Postby OneWhiteEye » Fri Mar 20, 2009 5:12 pm

Heiwa wrote:Nice examples of dropping dominoes.

Thank you. A vertical stack of dominoes, to be precise. Held in place by identical magic fairies that give up and go away when the going gets too tough. Or was it the tentacles of an invisible Kraken holding the floors? I forget. I'll have to check the code.

But the dominoes are neither deformed nor crushed.

True, dat. But, one step at a time. The next few steps, with dozens or hundreds of trials each, won't involve deformation or crushing, either. Only loss of integrity/energy/mass and acceleration of pieces, via impulse.

In FEA and beam analysis most elements are elastic.

You can even put pockets of fluid inside of weird solid shapes and squeeze them between two perfectly rigid plates until they pop! Here, I'm not doing FEA. I'm using a physics engine; this sort of library is for games, not engineering simulation of structures. I do have some FEA programs, and may eventually incorporate them into the overall framework, but all I'm after here is a rigid body ballistic-type analysis. While this particular engine has a very accurate iterative solver, the simulation is what it is, parametrically controlled but primarily rules-based if tuned properly and limited in its applicability to real-world scenarios.

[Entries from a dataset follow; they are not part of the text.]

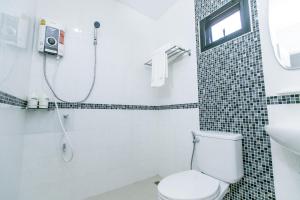 素辇府The Gun Hotel的浴室配有卫生间、淋浴和盥洗盆。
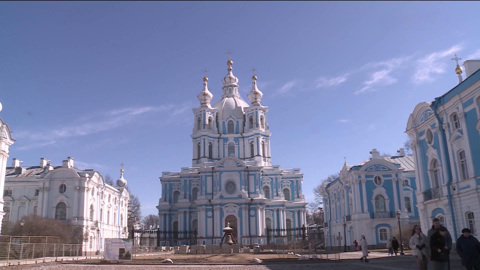 В Петербурге началось воссоздание сада на территории Смольного собора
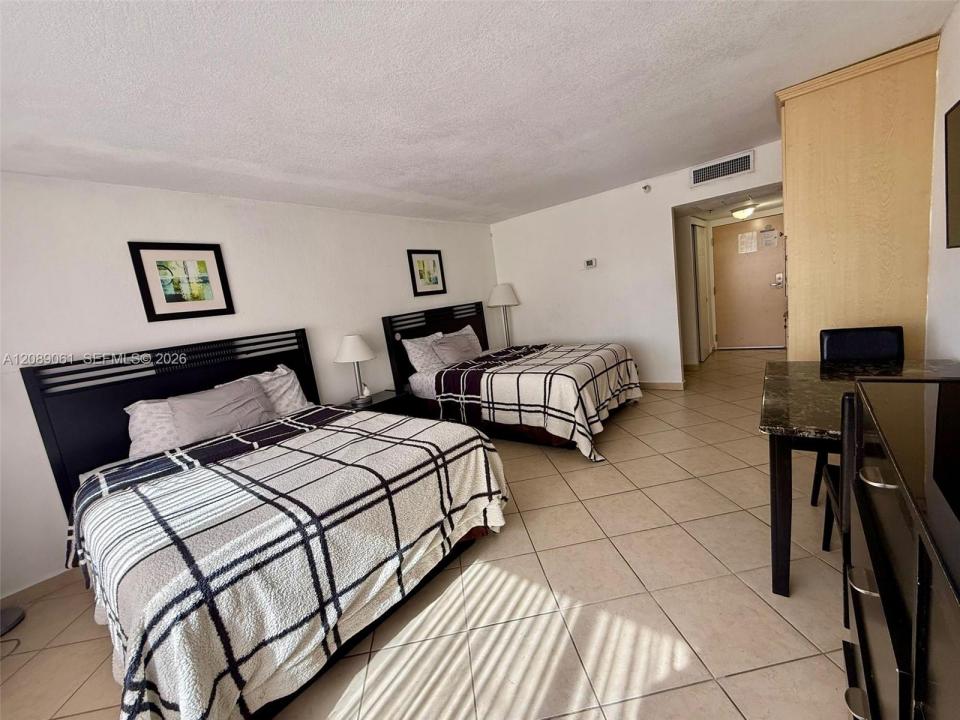 19201 Collins Ave 241, Sunny Isles Beach, Floride 33160, États-Unis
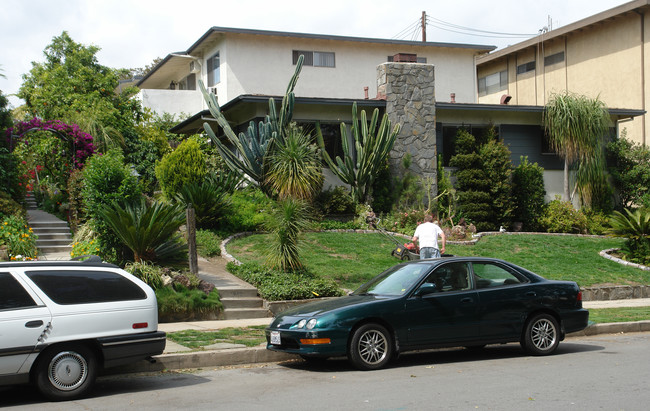 1812 Hardison Pl in South Pasadena, CA - Building Photo - Building Photo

The engine can do soft bodies and articulated joints with various degrees of freedom, spring constants, damping, breakage thresholds, and so on. Later, maybe, but added complexity only increases the chance of error and quicker reaches the limits of this platform in terms of applicability.

With that in mind, I must caution against taking these results as proving anything one way or the other with respect to behavior in the real world. This series of simulations is to provide guidance to me, personally, in how to build a uniform physical structure 10 cm high where the top 1 cm can destroy, by crushing, the lower nine. Then crush itself. I don't want a prize or anything like that, even though it is a daunting task.